Work order: Pictures in the material below are to be left out, and only the lines from the line with "Dra. Kátia Volpe" up to and including the line with "- Canvas Print" are to be written out exactly.

Input data:
────

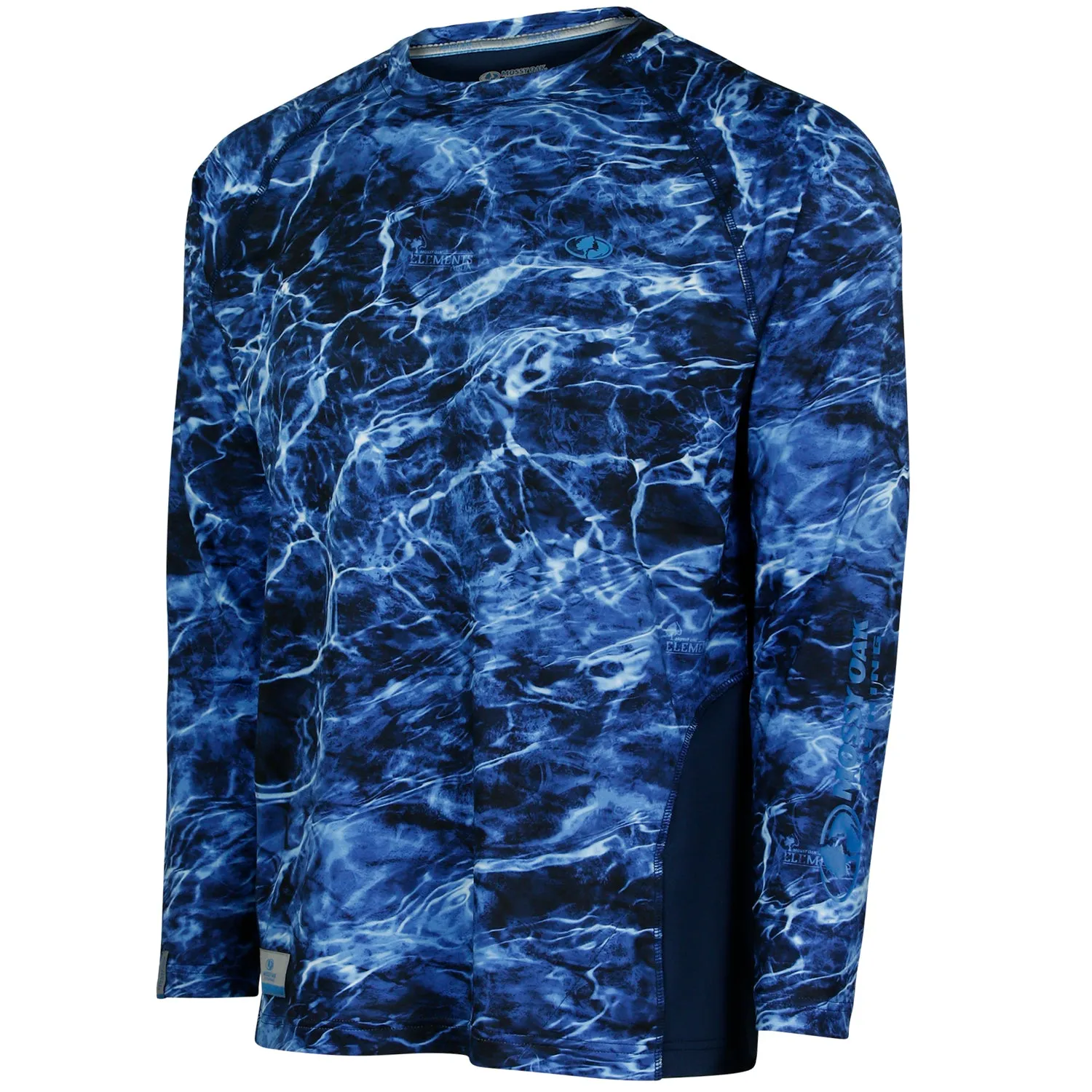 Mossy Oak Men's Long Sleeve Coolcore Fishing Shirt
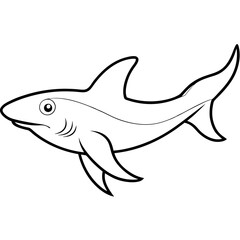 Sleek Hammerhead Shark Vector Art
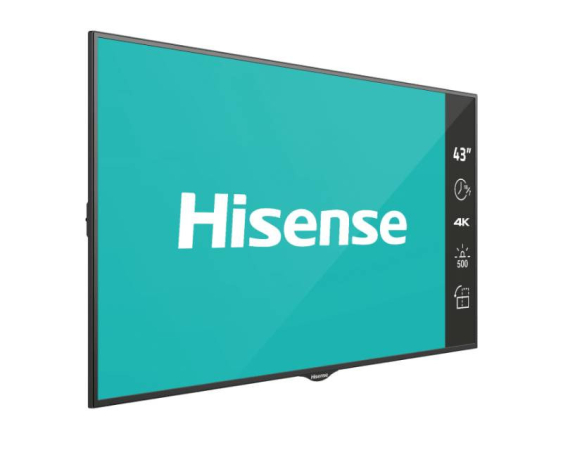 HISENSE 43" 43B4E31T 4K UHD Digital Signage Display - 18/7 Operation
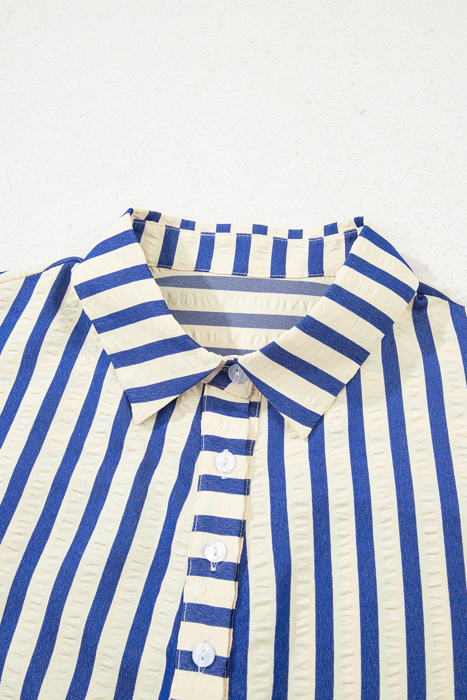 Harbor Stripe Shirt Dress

────

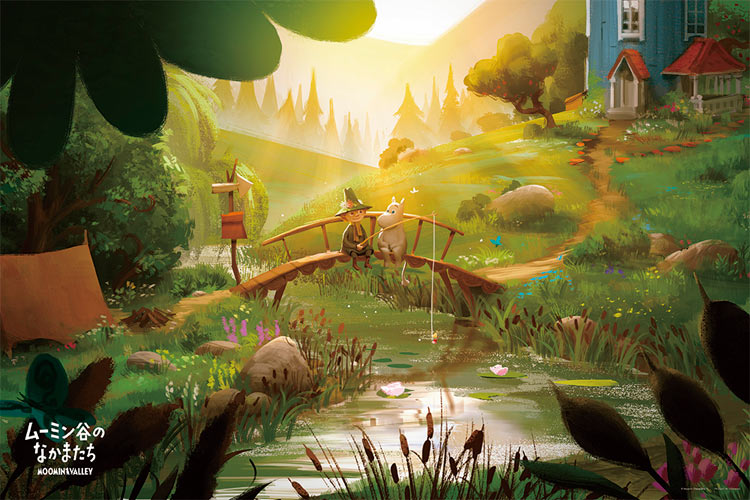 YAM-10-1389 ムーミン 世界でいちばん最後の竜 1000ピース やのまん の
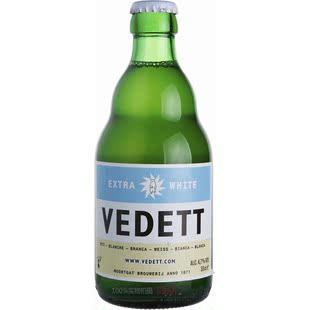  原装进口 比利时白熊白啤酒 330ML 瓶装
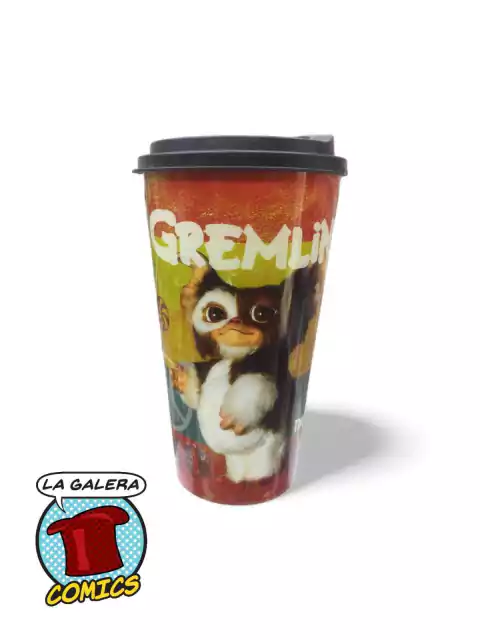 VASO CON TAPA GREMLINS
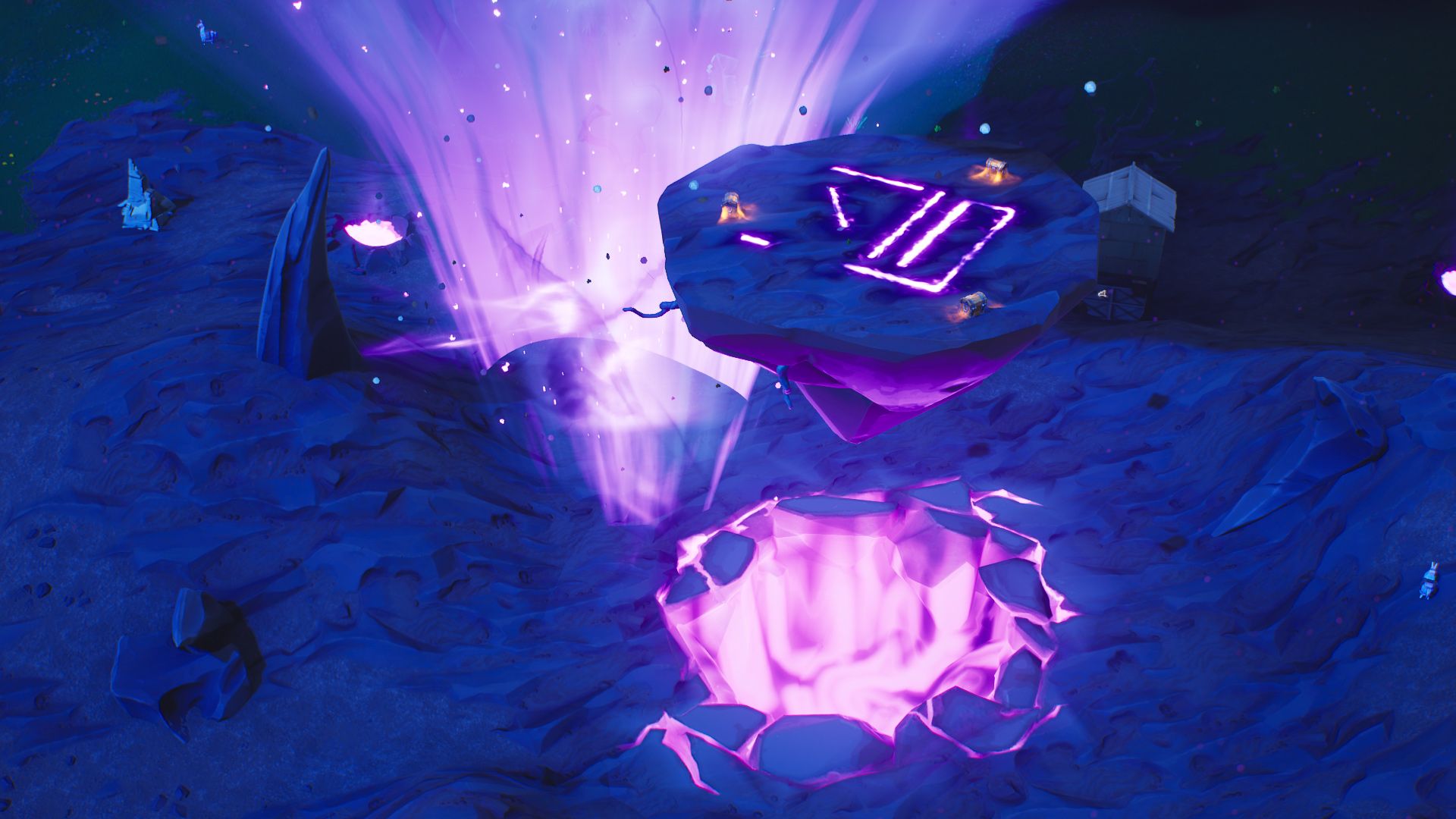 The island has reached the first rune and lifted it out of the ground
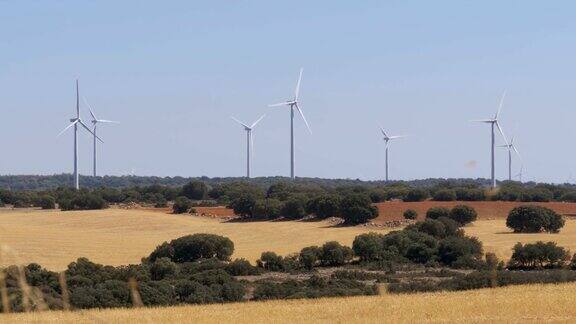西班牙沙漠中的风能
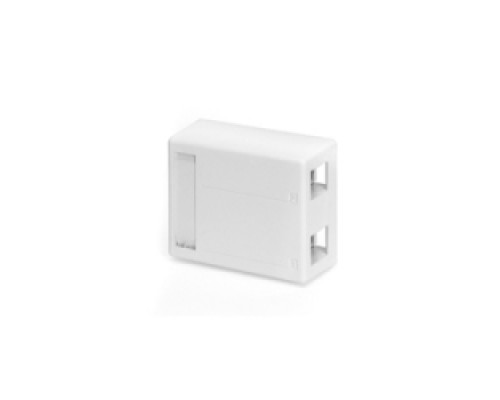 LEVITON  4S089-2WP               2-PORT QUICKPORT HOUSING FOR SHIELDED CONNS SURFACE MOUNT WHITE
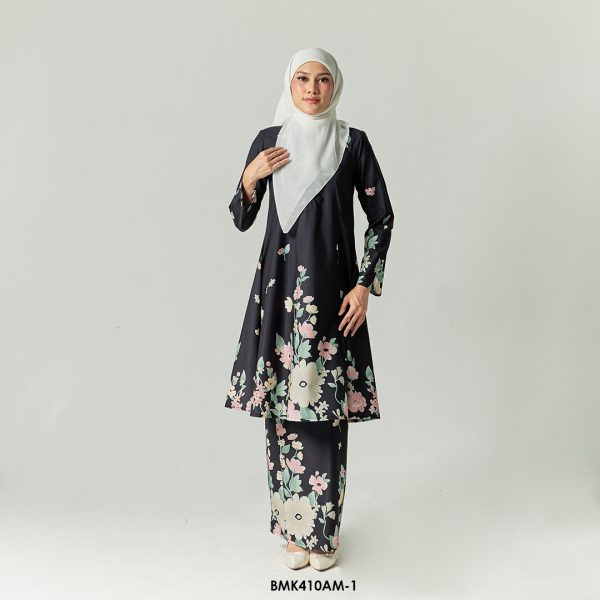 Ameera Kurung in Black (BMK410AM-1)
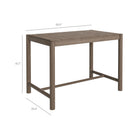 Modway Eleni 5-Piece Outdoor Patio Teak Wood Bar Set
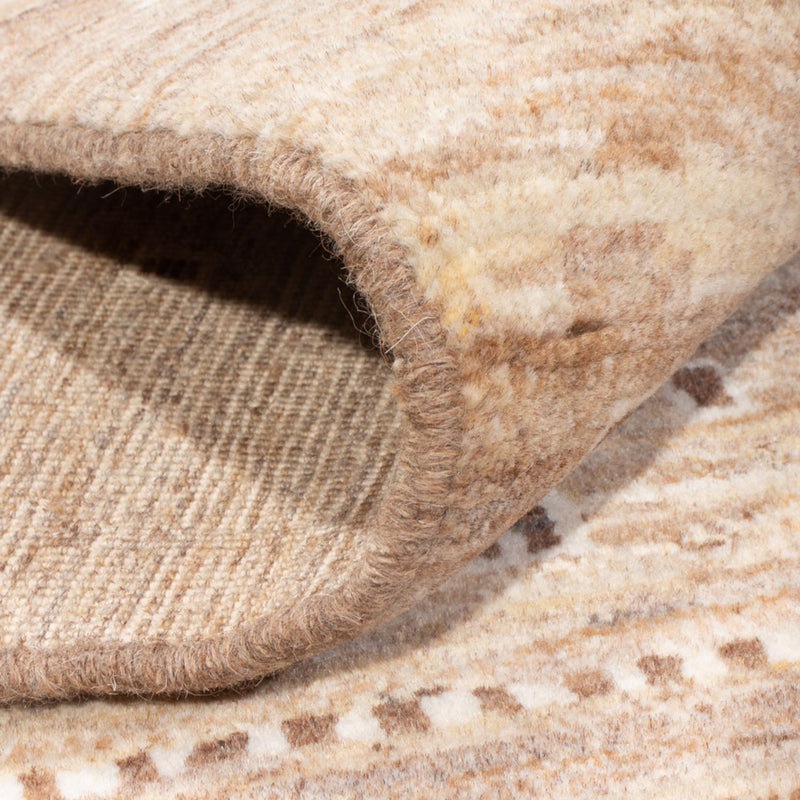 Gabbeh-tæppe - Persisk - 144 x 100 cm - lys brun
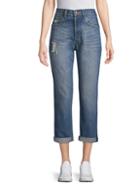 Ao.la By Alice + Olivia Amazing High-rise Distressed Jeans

────

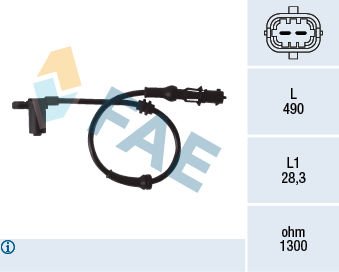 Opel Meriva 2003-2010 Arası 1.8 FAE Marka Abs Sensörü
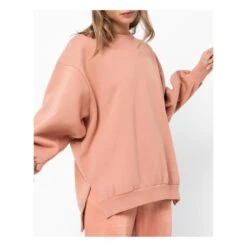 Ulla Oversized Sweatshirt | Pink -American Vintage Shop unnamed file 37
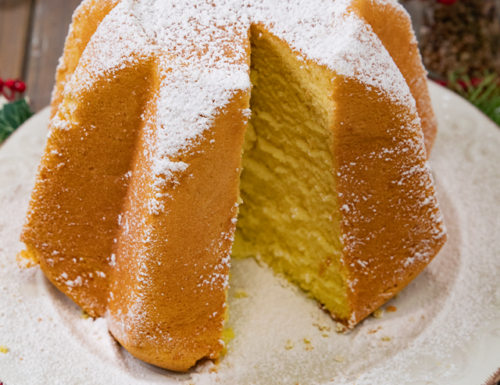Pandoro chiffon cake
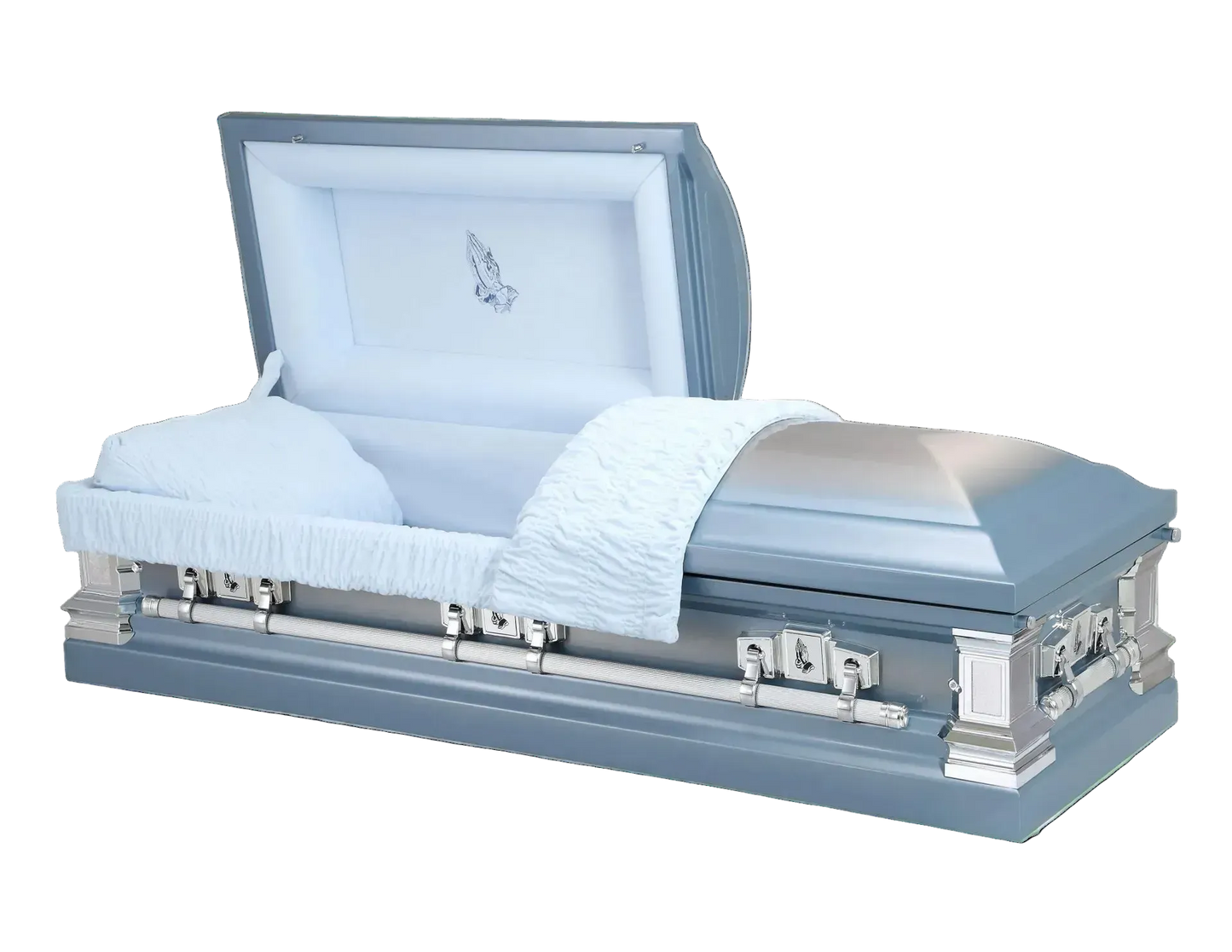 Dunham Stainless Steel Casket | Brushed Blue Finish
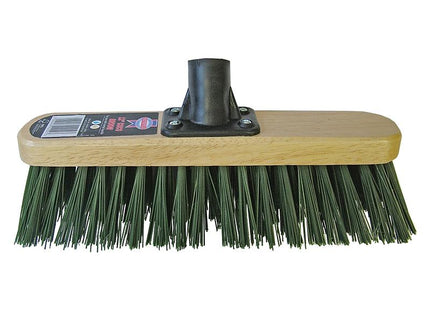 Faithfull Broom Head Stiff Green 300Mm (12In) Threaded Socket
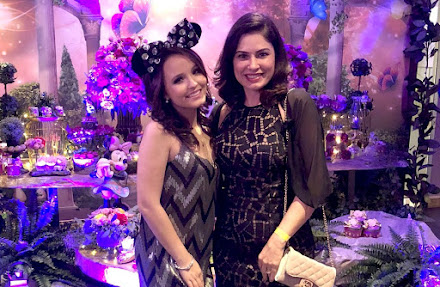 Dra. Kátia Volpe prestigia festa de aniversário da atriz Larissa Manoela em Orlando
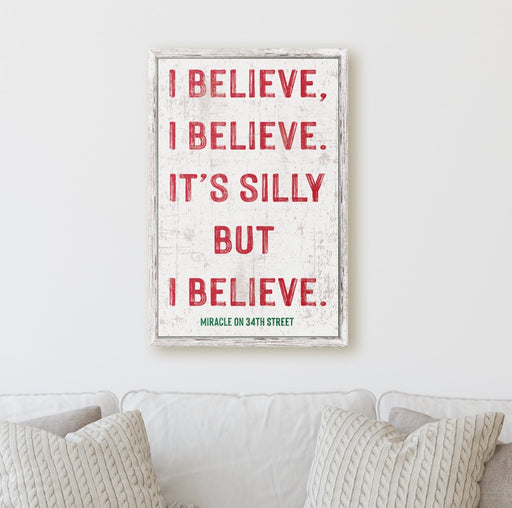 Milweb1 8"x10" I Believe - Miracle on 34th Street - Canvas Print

────

Solution for this exercise:
 Dra. Kátia Volpe prestigia festa de aniversário da atriz Larissa Manoela em Orlando
 Milweb1 8"x10" I Believe - Miracle on 34th Street - Canvas Print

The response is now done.